If we talk on management system, the leaders are of various types like autocratic and many leaders’ delegates their power i.e. they distribute their power to some trusted or capable employees/members etc., some leaders are of bossy character i.e. they have control on even a small job. Similarly our present banking system resembles characteristics like bossy characters, to carry out a transaction we have to go for third party/bank i.e. we have to take permission for a service. To remove this types of issues concept of decentralization was introduced. In decentralization power is distributed. This decentralization introduces public ledger. It is the public ledger among which power is distributed.
Moreover present banking system is not so strong to face cyber attacks. Block-chain technology is approximate  impossible to hack if we compare with banking system. Many cases around the world exist where amount from account goes to zero without the knowledge of user. 

What is block-chain technology?

Bitcoin, Ethereum and Ripple
Many of you may be familiar with Bit-coin, a type of digital currency that operates independently from a central bank, but the technology behind that system most people are not familiar with this is technology which we called block-chain technology. There are different block-chain which may public or private and all they allow anyone to send value anywhere in the world where the block-chain file can be accessed. Think of each chain as an online database stored in a distributed, peer to peer fashion. The devices for data bases are not all connected to a common processor and each block – ordered records – has a timestamp and a link to previous block.

What block-chain can do for the financial and banking sectors?

Fraud reduction: Even though block-chain is new technology, its potential to reduce fraud in the financial world is getting a lot of attention since 45% of financials intermediateries such as stock exchanges and money transfer services providers suffer from economic crimes every year.

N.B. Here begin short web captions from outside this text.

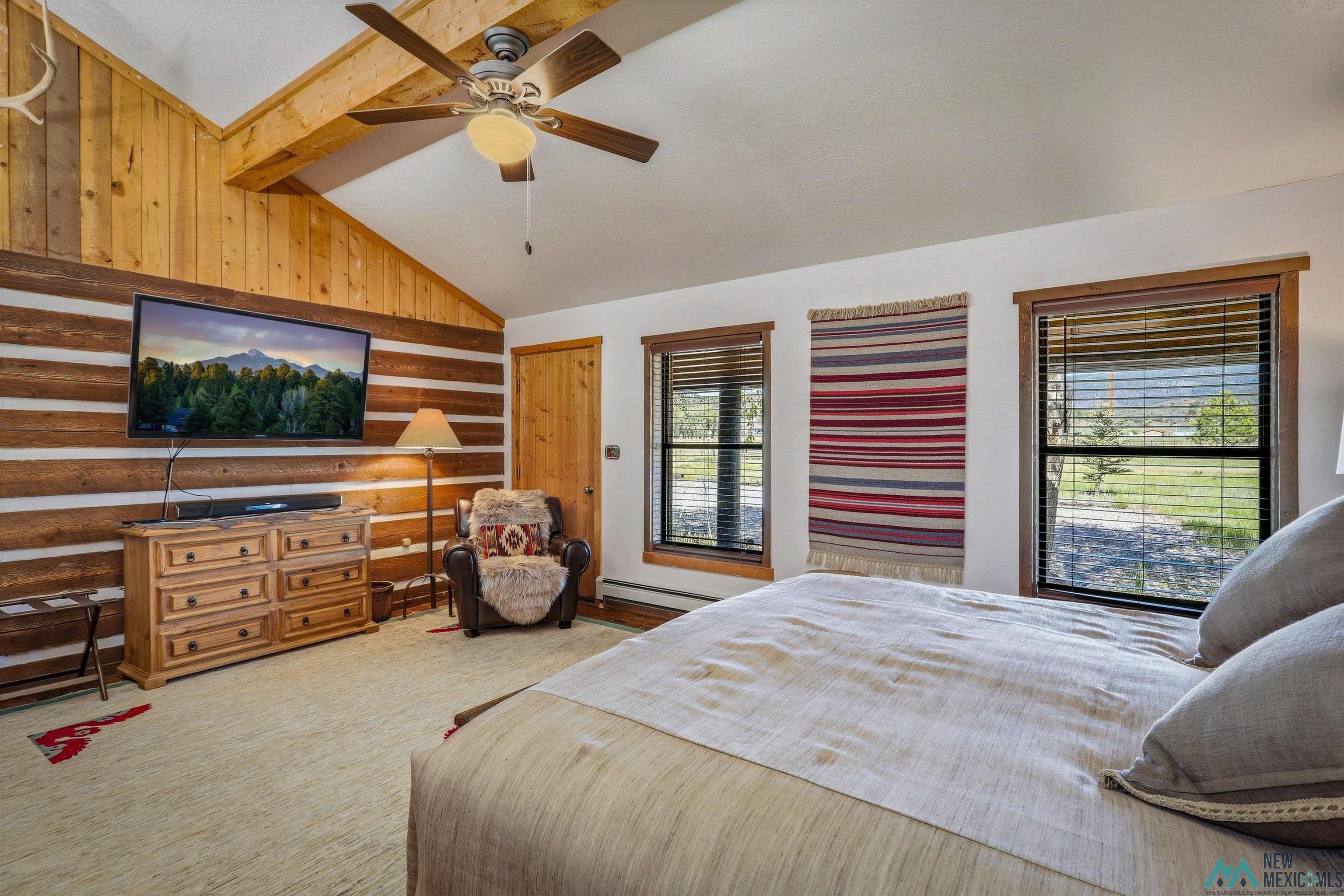 83 Juniper Road Chama, NM 87520 - Photo 25 of 56 Vaulted ceiling with wood paneling and exposed beam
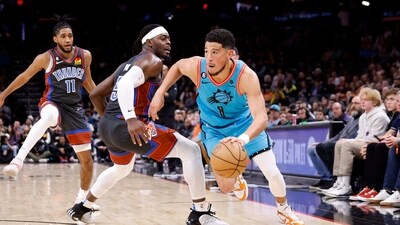 Devin Booker #1 of the Phoenix Suns drives past Luguentz Dort #5 of the Oklahoma City Thunder during the second half at Footprint Center on February 24, 2023 in Phoenix, Arizona. (Getty Images via AFP)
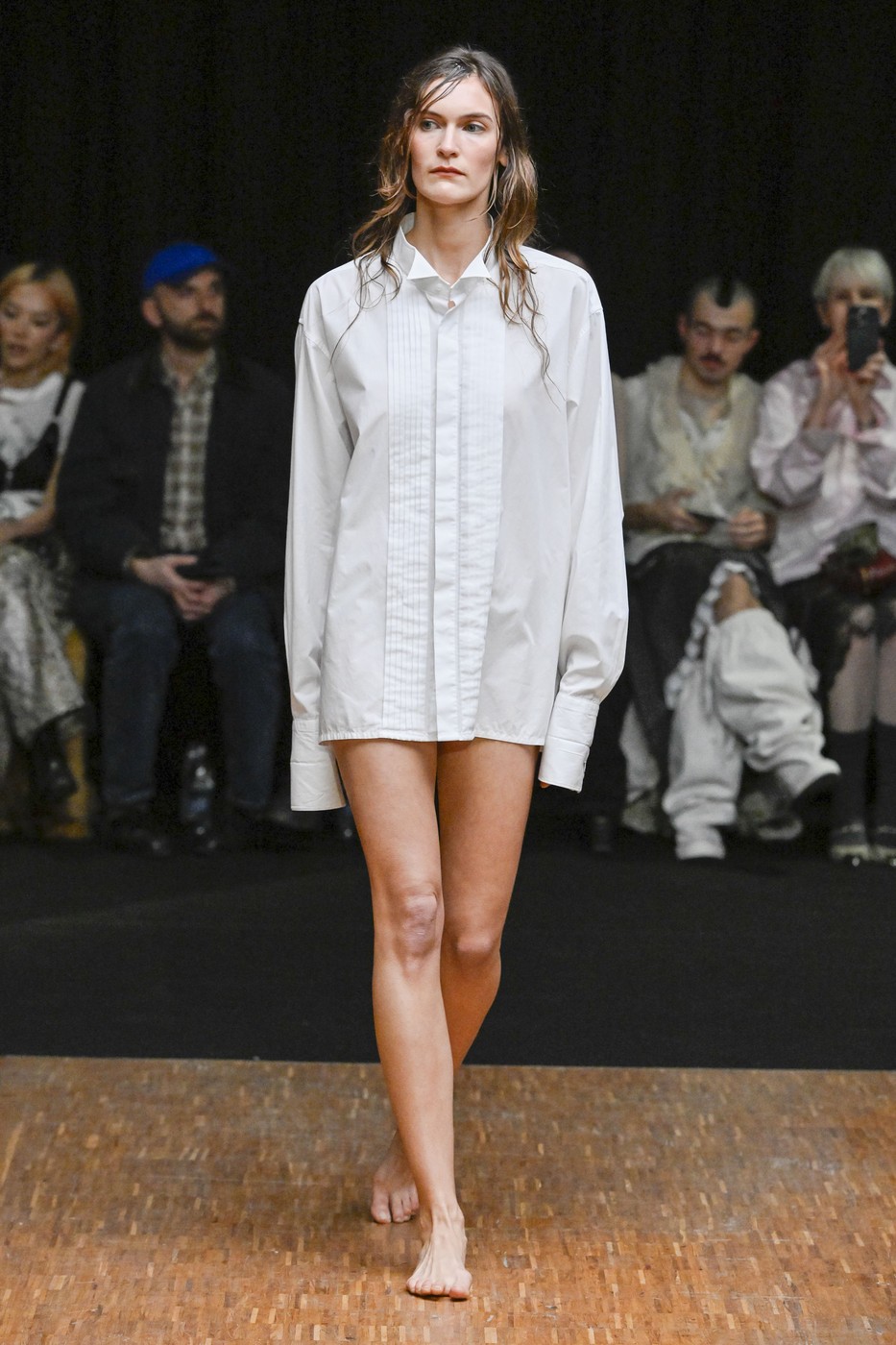 A model is seen on the catwalk at the Hodakova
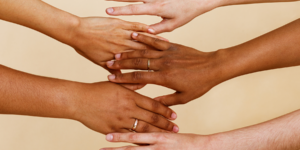 Image with hands in different skin tones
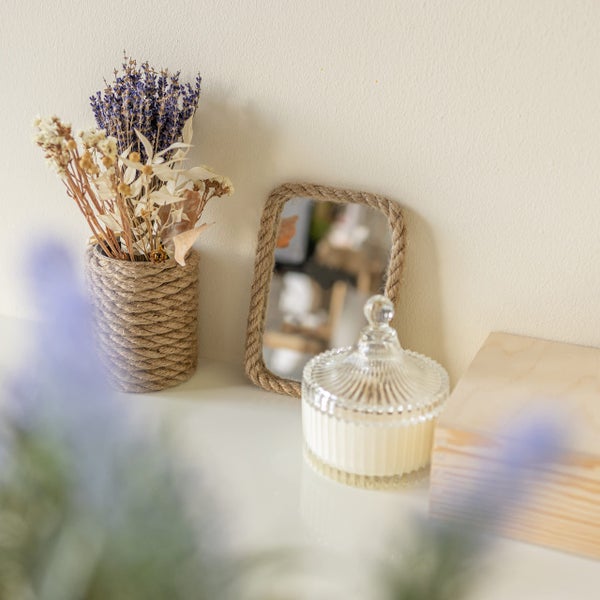 Kleiner Wandspiegel mit Juteseil-Rahmen, Glas-Duftkerze und getrocknete Blumen in Jute-Vase auf heller Ablage.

Most banking system around the world are built on a centralized database that is more vulnerable to cyber-attack because it has one point of failure rather than many-once hacker breach the one system they have full access.

Smart contracts: Because block-chains can store any kind of digital information including computer code that can be executed once two or more parties enter their keys, block-chains enable us to have smart contracts. This code could be programmed to create contracts or execute financial transactions one a certain set of criteria has been achieved- delivery if products could signal an invoice to be paid for example.